§ **Assigned task**:
Please copy, exactly as they appear below, the lines from the one containing "Emily | Women's" through the one containing "Equate Beauty AntiAging".

§ **Dataset extract**:
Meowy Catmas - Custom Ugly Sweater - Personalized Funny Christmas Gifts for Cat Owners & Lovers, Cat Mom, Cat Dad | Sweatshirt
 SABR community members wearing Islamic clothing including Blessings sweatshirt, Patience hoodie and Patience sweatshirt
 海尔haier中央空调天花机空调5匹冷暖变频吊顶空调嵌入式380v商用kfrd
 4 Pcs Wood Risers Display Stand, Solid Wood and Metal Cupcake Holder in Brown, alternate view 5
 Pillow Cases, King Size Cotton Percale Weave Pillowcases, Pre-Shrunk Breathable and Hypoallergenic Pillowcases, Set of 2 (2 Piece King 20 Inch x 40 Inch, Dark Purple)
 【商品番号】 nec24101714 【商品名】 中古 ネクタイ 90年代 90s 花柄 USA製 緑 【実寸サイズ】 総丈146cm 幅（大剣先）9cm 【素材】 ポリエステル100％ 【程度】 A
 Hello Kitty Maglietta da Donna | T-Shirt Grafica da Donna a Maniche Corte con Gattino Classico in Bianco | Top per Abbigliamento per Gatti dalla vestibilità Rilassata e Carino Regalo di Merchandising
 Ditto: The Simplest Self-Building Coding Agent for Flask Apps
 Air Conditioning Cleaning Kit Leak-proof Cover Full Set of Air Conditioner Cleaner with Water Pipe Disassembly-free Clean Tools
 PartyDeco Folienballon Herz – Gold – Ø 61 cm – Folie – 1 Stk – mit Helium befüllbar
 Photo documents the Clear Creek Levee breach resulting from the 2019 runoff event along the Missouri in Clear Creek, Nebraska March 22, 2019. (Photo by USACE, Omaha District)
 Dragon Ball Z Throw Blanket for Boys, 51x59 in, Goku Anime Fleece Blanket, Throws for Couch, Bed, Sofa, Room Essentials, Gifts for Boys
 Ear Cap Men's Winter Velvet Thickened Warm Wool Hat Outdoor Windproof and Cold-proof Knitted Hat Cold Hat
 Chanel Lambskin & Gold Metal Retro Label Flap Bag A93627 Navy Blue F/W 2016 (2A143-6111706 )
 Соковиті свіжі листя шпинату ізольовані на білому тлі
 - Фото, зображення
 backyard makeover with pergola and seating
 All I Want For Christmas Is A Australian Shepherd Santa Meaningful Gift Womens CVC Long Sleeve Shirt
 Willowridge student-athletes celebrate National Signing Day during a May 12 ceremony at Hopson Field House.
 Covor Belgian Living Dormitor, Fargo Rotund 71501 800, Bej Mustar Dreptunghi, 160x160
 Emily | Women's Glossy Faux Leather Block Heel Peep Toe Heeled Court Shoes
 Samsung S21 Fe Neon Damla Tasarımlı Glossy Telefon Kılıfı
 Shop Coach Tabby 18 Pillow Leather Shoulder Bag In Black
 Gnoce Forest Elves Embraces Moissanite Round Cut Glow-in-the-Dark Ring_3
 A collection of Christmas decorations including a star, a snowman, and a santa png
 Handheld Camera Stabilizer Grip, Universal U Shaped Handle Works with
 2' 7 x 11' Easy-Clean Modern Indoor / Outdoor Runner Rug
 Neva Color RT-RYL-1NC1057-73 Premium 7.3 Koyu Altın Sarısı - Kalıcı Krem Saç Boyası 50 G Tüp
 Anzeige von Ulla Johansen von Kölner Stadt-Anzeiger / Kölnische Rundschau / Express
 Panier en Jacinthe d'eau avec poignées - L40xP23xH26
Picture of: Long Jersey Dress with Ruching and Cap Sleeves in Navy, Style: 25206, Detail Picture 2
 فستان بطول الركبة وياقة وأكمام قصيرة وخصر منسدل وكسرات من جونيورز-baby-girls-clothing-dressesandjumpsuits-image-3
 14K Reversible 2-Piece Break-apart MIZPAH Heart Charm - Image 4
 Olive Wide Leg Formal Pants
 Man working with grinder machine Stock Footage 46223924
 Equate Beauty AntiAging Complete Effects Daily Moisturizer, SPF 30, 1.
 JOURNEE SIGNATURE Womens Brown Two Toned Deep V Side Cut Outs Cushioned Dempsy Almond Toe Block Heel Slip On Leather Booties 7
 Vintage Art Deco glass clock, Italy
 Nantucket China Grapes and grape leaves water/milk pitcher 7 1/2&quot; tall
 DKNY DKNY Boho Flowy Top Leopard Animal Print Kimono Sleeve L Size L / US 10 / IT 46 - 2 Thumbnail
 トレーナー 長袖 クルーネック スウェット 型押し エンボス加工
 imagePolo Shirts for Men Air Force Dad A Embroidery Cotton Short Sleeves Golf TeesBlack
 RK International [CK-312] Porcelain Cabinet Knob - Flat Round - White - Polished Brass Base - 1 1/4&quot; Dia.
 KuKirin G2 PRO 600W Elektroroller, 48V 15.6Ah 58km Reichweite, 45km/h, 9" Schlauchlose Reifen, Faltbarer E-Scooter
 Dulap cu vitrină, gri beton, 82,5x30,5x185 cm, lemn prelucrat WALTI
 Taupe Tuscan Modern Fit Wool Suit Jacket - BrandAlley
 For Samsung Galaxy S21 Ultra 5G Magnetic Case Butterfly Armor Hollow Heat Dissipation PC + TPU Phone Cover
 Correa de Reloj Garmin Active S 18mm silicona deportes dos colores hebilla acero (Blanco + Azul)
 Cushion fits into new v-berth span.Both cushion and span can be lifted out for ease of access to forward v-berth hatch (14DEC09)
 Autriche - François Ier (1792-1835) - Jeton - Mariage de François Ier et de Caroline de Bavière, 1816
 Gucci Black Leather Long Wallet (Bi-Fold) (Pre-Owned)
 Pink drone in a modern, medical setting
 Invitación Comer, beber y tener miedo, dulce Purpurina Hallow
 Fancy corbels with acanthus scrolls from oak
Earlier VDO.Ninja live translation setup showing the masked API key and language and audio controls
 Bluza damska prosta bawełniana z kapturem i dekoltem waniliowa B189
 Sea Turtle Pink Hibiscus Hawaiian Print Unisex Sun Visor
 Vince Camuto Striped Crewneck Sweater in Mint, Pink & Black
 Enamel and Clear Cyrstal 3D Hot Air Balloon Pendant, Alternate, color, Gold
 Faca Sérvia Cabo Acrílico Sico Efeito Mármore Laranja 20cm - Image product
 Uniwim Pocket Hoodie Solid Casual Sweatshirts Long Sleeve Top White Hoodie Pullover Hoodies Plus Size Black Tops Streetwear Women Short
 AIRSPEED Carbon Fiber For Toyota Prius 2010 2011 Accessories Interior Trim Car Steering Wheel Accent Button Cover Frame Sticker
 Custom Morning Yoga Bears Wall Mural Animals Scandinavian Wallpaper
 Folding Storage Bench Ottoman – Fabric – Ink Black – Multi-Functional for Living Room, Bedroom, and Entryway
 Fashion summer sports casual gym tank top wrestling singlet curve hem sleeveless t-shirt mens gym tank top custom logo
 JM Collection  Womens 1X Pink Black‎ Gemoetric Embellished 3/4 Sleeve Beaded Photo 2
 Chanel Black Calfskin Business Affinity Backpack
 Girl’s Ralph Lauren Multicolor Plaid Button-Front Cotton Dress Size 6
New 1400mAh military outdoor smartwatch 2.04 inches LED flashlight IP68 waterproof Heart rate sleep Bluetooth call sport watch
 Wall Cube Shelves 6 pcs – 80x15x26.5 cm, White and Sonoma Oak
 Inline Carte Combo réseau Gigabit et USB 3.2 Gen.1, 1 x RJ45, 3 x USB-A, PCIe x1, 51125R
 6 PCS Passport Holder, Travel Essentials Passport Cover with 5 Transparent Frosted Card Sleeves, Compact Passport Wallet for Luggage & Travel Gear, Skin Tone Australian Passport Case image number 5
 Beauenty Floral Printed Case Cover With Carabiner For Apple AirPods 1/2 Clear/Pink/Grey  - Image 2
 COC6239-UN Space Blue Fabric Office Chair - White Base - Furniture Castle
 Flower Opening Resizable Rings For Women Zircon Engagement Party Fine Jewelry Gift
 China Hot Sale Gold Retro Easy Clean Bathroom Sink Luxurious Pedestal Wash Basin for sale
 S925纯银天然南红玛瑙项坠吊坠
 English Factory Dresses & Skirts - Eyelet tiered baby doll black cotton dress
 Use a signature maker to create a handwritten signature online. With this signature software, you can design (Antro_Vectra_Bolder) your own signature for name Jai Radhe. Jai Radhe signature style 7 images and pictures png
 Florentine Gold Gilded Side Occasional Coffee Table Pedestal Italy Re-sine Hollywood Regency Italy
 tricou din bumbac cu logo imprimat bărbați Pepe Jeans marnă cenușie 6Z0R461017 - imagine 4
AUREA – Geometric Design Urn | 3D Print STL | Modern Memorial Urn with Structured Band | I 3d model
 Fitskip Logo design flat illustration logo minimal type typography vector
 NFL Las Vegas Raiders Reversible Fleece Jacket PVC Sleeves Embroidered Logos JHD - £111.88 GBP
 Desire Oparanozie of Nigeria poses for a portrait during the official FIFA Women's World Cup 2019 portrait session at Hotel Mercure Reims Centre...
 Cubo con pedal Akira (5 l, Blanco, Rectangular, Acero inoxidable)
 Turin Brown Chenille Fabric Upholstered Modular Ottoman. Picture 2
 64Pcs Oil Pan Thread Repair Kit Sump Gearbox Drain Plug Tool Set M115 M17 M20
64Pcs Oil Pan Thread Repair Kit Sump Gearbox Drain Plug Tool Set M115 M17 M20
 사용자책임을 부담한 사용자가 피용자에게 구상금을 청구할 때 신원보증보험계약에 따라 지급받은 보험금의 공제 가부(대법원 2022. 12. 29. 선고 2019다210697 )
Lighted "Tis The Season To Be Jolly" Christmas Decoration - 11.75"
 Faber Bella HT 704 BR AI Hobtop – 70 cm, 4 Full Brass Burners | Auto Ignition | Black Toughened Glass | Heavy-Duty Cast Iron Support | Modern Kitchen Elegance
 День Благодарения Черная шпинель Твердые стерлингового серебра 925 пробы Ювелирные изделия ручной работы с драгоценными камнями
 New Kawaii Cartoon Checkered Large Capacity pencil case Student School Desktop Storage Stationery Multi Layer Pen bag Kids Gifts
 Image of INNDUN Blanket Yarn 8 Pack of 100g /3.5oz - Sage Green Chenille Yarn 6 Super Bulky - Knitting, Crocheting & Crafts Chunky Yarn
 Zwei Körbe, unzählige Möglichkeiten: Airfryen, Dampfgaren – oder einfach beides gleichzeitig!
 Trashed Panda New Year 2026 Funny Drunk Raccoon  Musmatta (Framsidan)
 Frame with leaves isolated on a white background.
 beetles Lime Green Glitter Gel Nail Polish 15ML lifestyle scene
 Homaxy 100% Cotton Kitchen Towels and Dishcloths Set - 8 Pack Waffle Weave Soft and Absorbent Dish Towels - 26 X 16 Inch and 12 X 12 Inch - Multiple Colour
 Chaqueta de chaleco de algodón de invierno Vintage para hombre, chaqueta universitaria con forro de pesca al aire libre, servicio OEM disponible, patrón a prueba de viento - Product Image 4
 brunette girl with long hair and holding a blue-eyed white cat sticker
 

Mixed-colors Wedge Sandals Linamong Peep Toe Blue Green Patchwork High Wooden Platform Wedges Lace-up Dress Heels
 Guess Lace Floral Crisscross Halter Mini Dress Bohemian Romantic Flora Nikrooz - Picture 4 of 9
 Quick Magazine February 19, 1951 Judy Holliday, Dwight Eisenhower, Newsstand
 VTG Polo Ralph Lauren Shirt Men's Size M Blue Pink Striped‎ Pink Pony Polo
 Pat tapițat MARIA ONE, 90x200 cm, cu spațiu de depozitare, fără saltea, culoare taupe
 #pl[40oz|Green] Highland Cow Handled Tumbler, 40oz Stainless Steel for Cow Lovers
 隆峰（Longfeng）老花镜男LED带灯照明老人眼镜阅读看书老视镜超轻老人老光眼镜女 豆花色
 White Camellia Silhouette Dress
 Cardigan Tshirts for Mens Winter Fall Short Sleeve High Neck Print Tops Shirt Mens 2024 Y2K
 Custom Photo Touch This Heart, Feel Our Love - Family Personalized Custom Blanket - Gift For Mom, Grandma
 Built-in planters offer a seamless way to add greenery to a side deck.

§ **Exercise solution**:
 Emily | Women's Glossy Faux Leather Block Heel Peep Toe Heeled Court Shoes
 Samsung S21 Fe Neon Damla Tasarımlı Glossy Telefon Kılıfı
 Shop Coach Tabby 18 Pillow Leather Shoulder Bag In Black
 Gnoce Forest Elves Embraces Moissanite Round Cut Glow-in-the-Dark Ring_3
 A collection of Christmas decorations including a star, a snowman, and a santa png
 Handheld Camera Stabilizer Grip, Universal U Shaped Handle Works with
 2' 7 x 11' Easy-Clean Modern Indoor / Outdoor Runner Rug
 Neva Color RT-RYL-1NC1057-73 Premium 7.3 Koyu Altın Sarısı - Kalıcı Krem Saç Boyası 50 G Tüp
 Anzeige von Ulla Johansen von Kölner Stadt-Anzeiger / Kölnische Rundschau / Express
 Panier en Jacinthe d'eau avec poignées - L40xP23xH26
Picture of: Long Jersey Dress with Ruching and Cap Sleeves in Navy, Style: 25206, Detail Picture 2
 فستان بطول الركبة وياقة وأكمام قصيرة وخصر منسدل وكسرات من جونيورز-baby-girls-clothing-dressesandjumpsuits-image-3
 14K Reversible 2-Piece Break-apart MIZPAH Heart Charm - Image 4
 Olive Wide Leg Formal Pants
 Man working with grinder machine Stock Footage 46223924
 Equate Beauty AntiAging Complete Effects Daily Moisturizer, SPF 30, 1.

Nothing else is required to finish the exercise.